Available data:
____
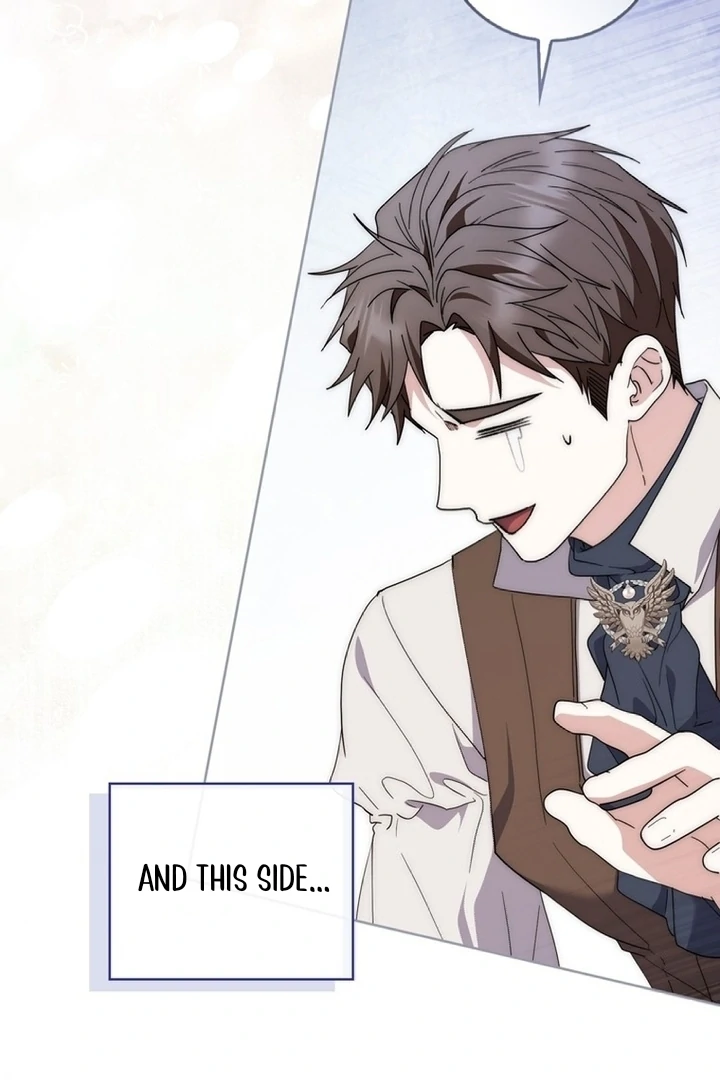 Read The Male Lead Is Unhealthily Obsessed With My Health EN Manga Online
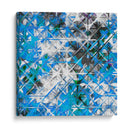 Iv De Cribado En Estrella - James Burghardt | Cuadro decorativo de Canvas Lab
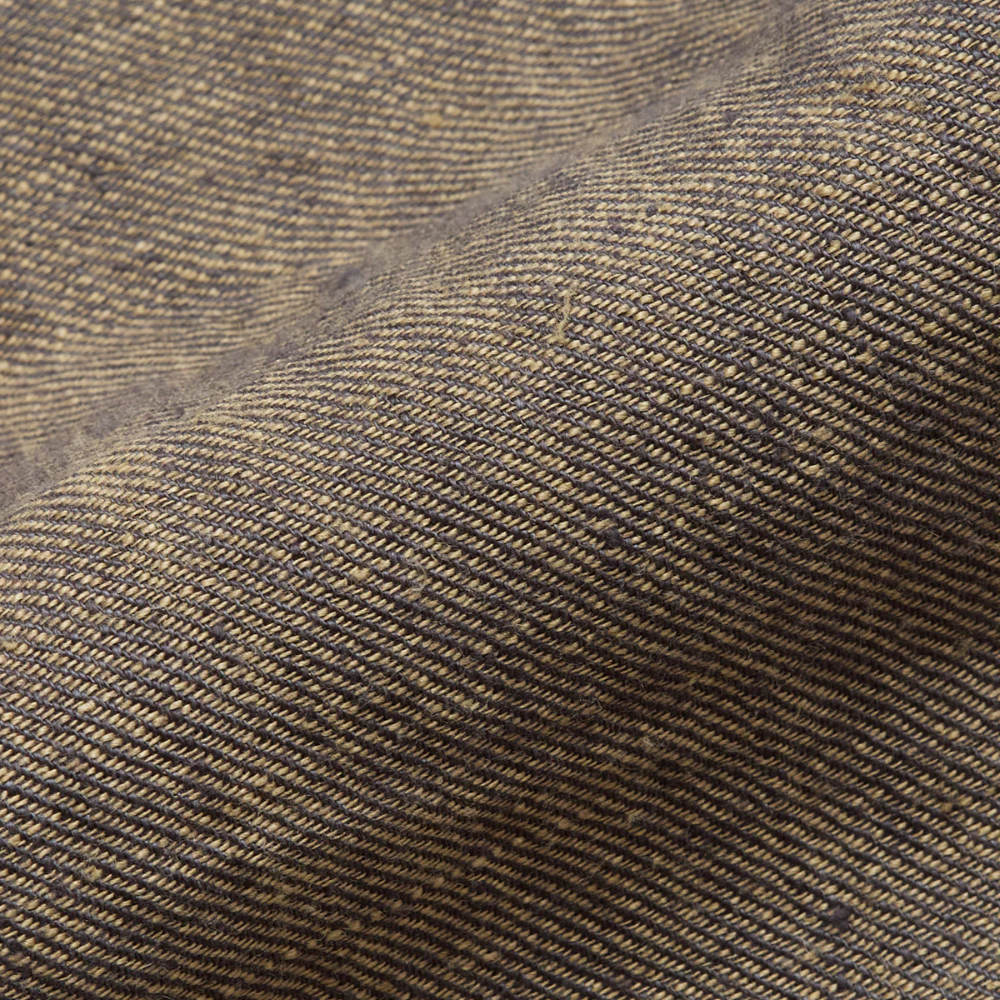 Palco Leinenhose - Grau meliert
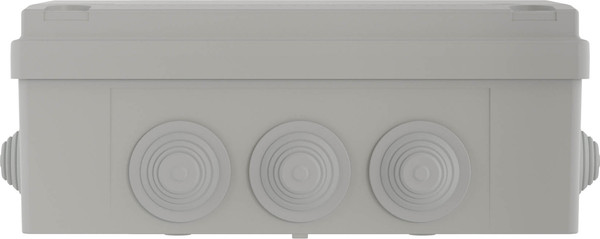 Изображение товара Коробка распределительная DKC 54300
____
Copy the listing above in full and exactly, but omit each picture that it holds.

 Read The Male Lead Is Unhealthily Obsessed With My Health EN Manga Online
 Iv De Cribado En Estrella - James Burghardt | Cuadro decorativo de Canvas Lab
 Palco Leinenhose - Grau meliert
 Изображение товара Коробка распределительная DKC 54300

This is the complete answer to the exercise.